All of Ian Murphy’s workshops are aimed to be fast paced, exciting and most certainly, challenging for the students. He often says that the success of the workshop is not just measured by the achievements on the day, but how the techniques and visual stimulus in the sketchbooks and the artwork inspire everyone going forward.
An intense and fast paced workshop designed to introduce students a range of drawing techniques and processes, starting with sketchbook practice through to development strategies and into a finished piece.
These days allow for a much more concentrated contact with a group of students. Ian Murphy can explore a greater range of techniques, and push the students to larger scale and more experimental finished pieces of artwork.
You can have a direct input into the structure of your workshop. Ian Murphy uses a large range of experimental materials and techniques Contact us to discuss the best strategy for your students and your department.

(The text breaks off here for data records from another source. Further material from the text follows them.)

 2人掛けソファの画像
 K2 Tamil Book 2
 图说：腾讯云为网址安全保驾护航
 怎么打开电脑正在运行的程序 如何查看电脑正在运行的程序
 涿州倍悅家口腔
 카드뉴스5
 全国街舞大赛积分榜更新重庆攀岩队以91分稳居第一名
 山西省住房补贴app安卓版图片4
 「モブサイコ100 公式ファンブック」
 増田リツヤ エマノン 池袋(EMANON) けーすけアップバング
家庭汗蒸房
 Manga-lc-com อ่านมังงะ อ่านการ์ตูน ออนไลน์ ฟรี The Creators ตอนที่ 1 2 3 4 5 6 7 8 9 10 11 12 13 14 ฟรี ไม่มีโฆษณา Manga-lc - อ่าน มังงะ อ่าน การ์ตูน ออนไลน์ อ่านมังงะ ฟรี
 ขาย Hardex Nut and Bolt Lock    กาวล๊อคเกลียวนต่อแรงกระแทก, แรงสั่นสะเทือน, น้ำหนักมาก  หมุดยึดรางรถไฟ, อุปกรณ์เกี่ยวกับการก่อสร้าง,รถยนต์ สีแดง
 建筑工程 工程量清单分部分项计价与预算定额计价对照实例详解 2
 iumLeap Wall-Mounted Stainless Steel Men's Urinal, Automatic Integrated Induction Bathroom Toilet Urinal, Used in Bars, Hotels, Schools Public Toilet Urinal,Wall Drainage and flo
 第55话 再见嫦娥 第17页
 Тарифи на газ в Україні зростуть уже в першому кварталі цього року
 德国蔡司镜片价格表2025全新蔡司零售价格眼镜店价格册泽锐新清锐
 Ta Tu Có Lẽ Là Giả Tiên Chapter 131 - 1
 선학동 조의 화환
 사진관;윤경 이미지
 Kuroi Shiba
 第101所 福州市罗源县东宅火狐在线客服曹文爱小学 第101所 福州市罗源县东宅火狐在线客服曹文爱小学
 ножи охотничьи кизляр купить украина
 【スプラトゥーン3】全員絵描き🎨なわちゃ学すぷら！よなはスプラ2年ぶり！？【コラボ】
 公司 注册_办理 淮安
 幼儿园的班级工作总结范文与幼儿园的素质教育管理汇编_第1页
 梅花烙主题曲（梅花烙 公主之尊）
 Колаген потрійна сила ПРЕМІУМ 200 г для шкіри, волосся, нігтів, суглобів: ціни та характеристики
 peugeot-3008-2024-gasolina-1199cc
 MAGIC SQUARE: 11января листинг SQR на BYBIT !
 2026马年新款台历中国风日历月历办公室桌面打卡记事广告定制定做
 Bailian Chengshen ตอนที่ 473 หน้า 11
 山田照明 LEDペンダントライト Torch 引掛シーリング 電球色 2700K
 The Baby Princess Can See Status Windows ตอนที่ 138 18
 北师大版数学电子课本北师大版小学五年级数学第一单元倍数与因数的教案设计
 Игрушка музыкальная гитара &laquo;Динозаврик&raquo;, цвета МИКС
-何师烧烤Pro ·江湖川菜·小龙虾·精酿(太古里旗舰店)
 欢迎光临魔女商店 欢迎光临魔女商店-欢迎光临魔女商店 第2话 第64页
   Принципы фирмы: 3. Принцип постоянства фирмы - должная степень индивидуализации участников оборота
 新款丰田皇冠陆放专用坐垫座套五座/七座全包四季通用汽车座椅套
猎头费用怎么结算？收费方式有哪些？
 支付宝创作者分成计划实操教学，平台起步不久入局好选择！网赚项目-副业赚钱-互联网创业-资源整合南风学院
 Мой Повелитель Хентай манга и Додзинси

The most comprehensive solution Ian Murphy works in your school for an extended period of time, allowing for an exhibition of his work, prolonged contact with your students and possible programmes to extend into your wider school community. Residencies can only be arranged well in advance of an intended date.
Structuring the best workshop for your school or college is always our top priority, and with so many variables to consider, e.g. The number of days your funding allows, the restrictions of school timetables and room availability, etc. we know that good planning is essential.
We are quite happy to make your workshop ‘bespoke’ to suit your department strengths (or weaknesses), but essentially we always stress that the longer time we can get for Ian Murphy to work with your students, the better the results will be.
Knowing your students, the course they are studying, and the space available for them to work in, plays such an important part in the planning.
Ian Murphy workshops always follow his own particular creative lines of development, and as such, allow the students to experience the same critical artistic journey from the sketchbook drawing all the way through to the final artworks.
This is a very common question from teachers when they are preparing to host a workshop, and something we acknowledge can be influenced by funding issues, and awards from external art groups and societies etc.
Ian Murphy is happy to work with ANY number of students, whether it is a single group or a combination of classes. In the past this has ranged from intimate size groups of 10, through to schools that have had to facilitate a workshop to all their exam classes which has totalled over 80. We know that end of Key stage 3 and GCSE groups will likely be larger than A level or International Baccalaureate classes, so we just ask you to consider; what would you like your students to achieve in the day/s workshop; to get a taster of the mixed media processes, or would you like to create art works that are much more resolved?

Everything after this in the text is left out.